#### INPUT DATA
*** Begin section ***

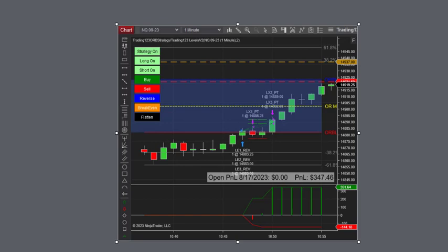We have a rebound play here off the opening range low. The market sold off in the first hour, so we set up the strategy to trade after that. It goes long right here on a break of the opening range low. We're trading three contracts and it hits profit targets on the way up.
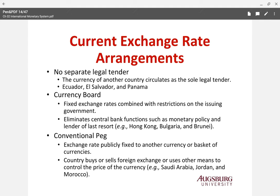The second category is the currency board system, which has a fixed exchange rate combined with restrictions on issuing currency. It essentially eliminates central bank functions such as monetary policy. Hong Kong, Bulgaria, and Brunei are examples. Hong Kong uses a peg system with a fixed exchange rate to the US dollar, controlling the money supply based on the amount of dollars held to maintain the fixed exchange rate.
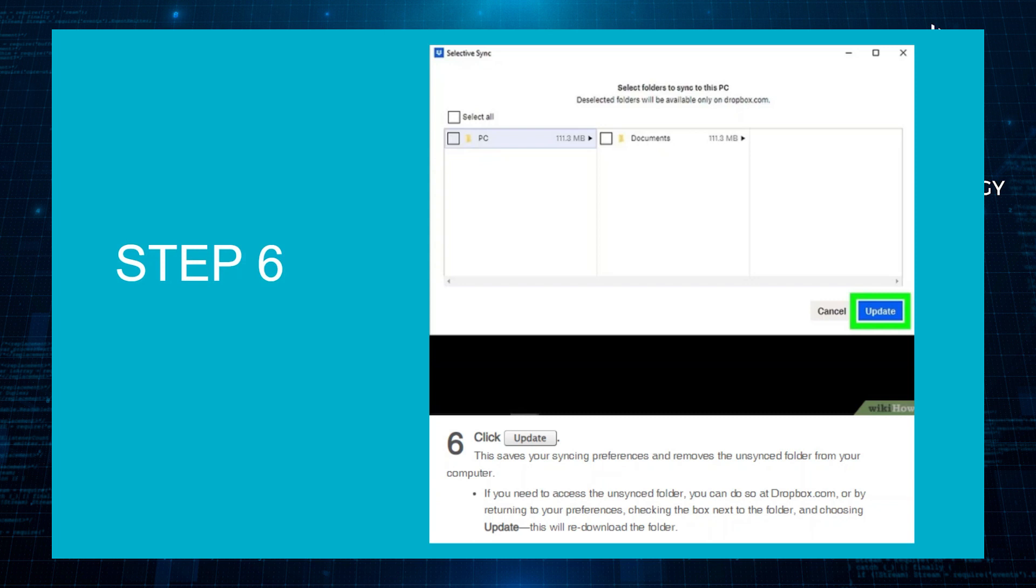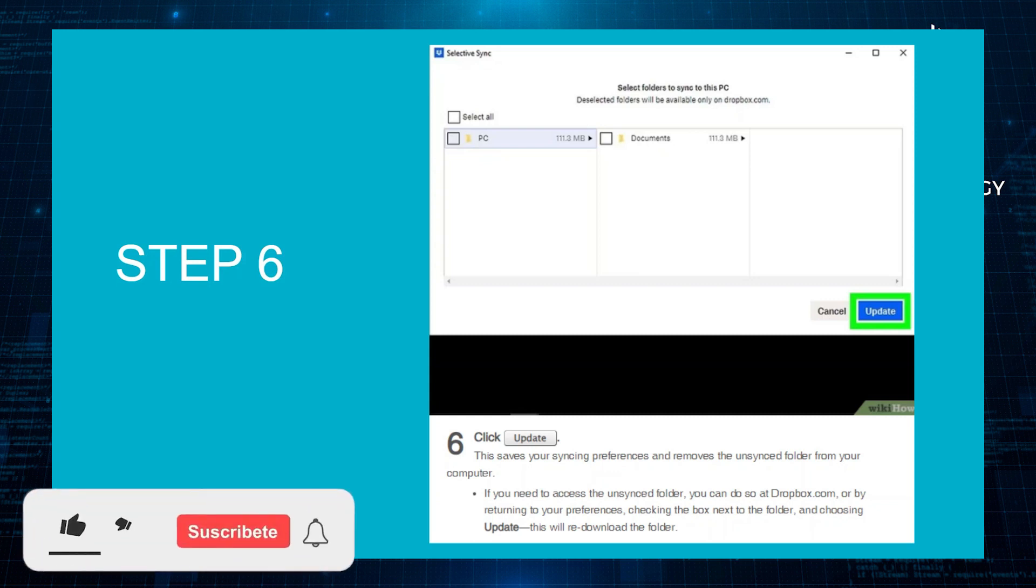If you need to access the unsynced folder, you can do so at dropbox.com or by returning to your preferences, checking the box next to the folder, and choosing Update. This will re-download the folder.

*** End section ***
*** Begin section ***

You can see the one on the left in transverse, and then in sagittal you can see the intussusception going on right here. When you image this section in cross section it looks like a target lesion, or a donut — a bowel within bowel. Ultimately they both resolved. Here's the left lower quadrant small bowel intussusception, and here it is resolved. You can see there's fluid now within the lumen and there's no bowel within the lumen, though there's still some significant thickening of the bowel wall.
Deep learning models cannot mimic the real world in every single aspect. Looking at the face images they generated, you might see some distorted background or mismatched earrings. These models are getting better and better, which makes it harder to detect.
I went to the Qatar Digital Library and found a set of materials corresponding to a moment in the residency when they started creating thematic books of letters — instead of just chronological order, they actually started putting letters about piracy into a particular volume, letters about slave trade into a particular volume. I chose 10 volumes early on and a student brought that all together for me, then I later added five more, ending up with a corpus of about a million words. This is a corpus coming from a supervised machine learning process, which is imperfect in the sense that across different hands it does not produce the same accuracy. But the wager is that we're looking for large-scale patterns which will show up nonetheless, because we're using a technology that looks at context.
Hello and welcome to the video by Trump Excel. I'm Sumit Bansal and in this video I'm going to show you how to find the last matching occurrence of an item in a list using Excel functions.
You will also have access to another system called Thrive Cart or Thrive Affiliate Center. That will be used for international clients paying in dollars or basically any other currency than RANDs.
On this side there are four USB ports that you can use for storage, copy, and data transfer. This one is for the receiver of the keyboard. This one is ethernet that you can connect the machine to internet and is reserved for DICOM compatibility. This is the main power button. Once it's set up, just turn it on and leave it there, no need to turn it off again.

*** End section ***
*** Begin section ***

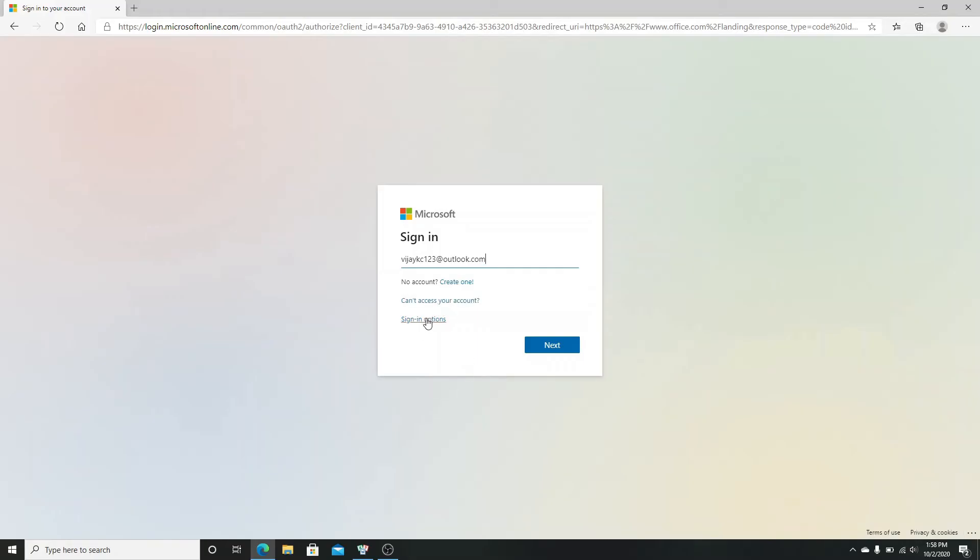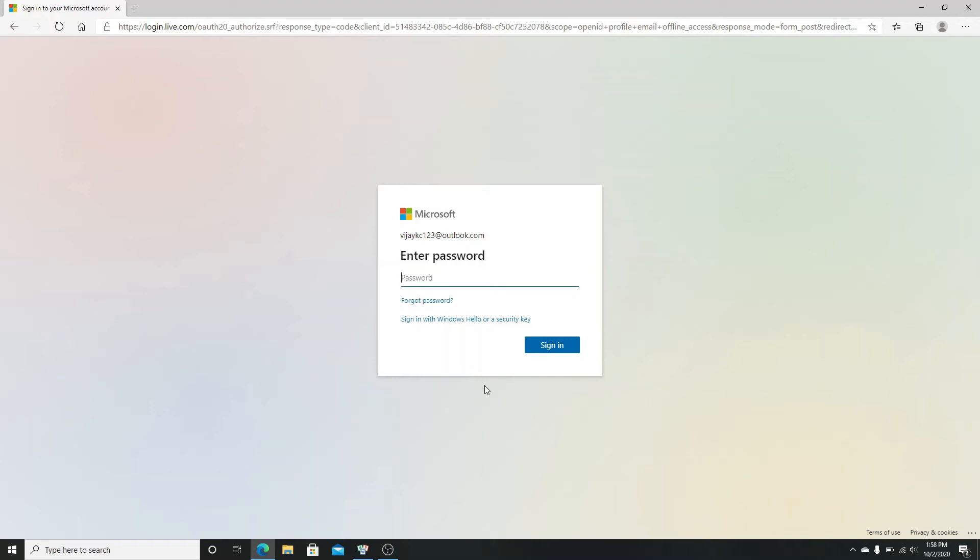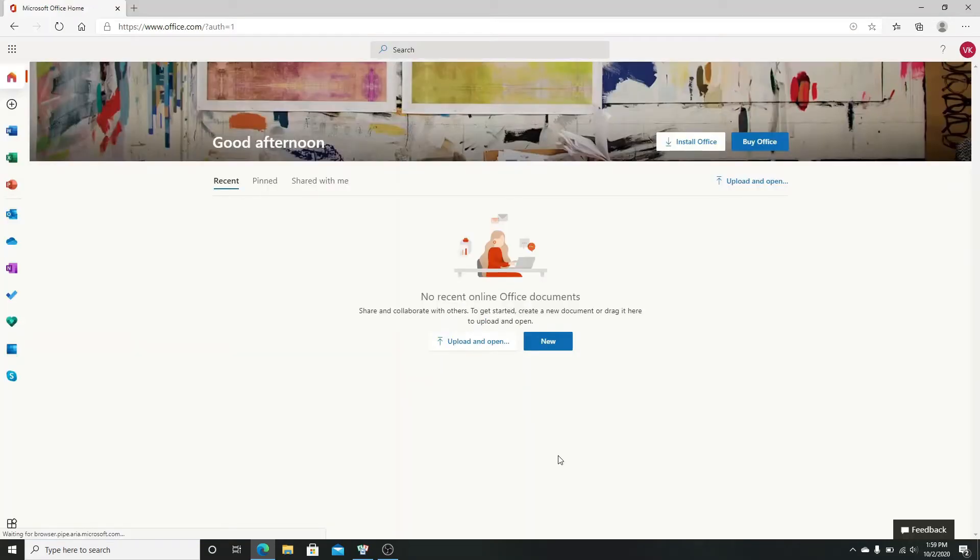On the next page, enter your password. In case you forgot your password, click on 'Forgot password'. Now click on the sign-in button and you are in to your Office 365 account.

*** End section ***

#### ABOUT THIS TASK
Go through the listing above and work out how many lines contain the string "using". Reply with the number alone.

#### RESULT BELOW
2